Secretion of prolactin is also stimulated by various kinds of stress and lactation in mammals [1, 2, 45, 49]. Prolactin is an essential hormone for milk production in females, and it also potentiates the immune function in both males and females, being known as an anti-stress hormone essential for the host defense mechanism [8, 9, 11, 15, 17, 48]. It has also been known to exhibit a molt-inducing effect. In most mammals, the coat thickens to protect the body in cold seasons, and then molts in warm seasons to adapt to the high temperature conditions. The present study clarified that EP treatment promotes the change from winter to summer coats (molting of winter coats). EP treatment advanced elevation of circulating prolactin in both colts and fillies. Previous papers reported that molting of winter hair coat was stimulated by long-day EP treatment [31, 40, 43], administration of prolactin [50, 51] or sulpiride, antagonist of dopamine, [14, 50, 51] in horses. The present study clearly demonstrated that the early elevation of circulating prolactin observed in both colts and fillies was promoted by EP treatment. These results in conjunction with previous papers strongly suggest that prolactin may have been involved in the promotion of molting observed in the yearlings in the present study.

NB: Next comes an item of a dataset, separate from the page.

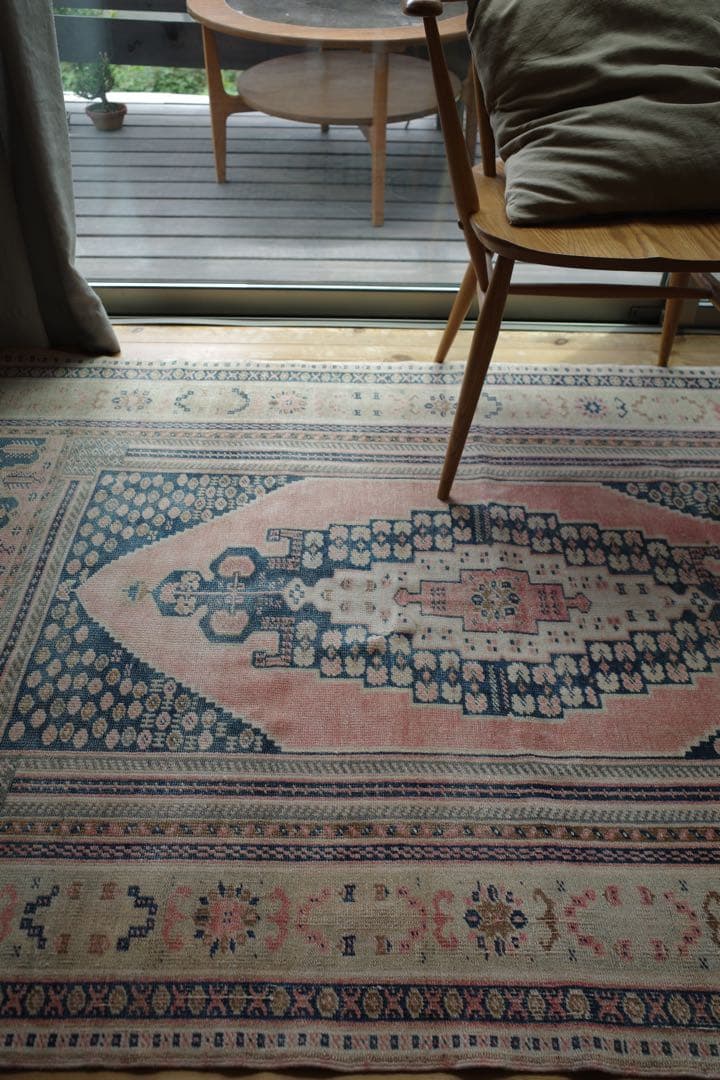 トルコ　コンヤ　ウール100% ヴィンテージ　ラグ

In conclusion, the present study clarified that the gonadal function and molting of winter coats are activated by EP treatment in colts and fillies, similarly to that in broodmares, suggesting that the strengthening of muscles and increasing the bone mineral density by promoting secretions of testosterone and estradiol-17β [53] from the gonads reduce the risks of training Thoroughbreds in the rearing stage, in which the incidence of motor organ diseases is high.